Ok, I was able to execute the actual code, but I the output is not correct.

Here is what I did
cat ~/data/audio/bfire-w2m.mp2 ./minimad > x.pcm
I then encapsulate the PCM as a wave file with a program I wrote, and produced the file x-mni.wav

and I also did on the development linux machine.
./madplay --output=wave:x.-mp86.wav ~/data/audio/bfire-w2m.mp2

You can see that file size is different here:
-rw-r--r--    1 erojas   users       37528 Sep 24 13:33 x-mini.wav
-rw-r--r--    1 erojas   users       16172 Sep 24 13:36 x-mp86.wav

When I play these files on a PC using winamp the madplay produced file is correct, and the minimad produced file is white noisy.

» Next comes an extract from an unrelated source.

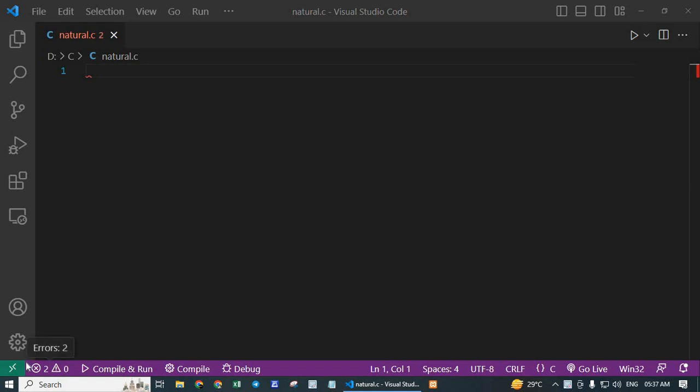Hello, in today's video, I will showcase how to calculate the sum of n natural numbers in C.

Any ideas?  Endianess?  Number of bits per sample?  It does output PCM?

--------------------

Re: building madplay for the target, I'm having a devil of a time.  Because I need to first install both the MAD library and tags library.  But I can get the tags library to figure because it needs zlib.  I have tried installing zlib, and I believe this has been done correctly, but the configure for the tags lib can not find it.  I think this is because it is not telling the compiler to look in the right place, but I'm not really sure. 




Re: script problem:
The problem my be that I am installing the code in a directory that is later mounted as the root of the STB that I am developing for.  I tried removing that part of the path in the one place it appeared and then executing it on the target but I still had the same error.

thanks,
emil

At 02:30 PM 9/23/2004, Rob Leslie wrote:
On Sep 23, 2004, at 2:22 PM, Emil Rojas wrote:
 Hmm, I still get this stuff when I try to run minimad, do have any idea what would cause that?  I will make madplay and try it also.

I think it is probably because the minimad "executable" that is built is really only a shell script that invokes the real executable after first arranging to locate the correct shared libraries in the build environment (as they may not be installed yet).

The real executable lives in the .libs subdirectory.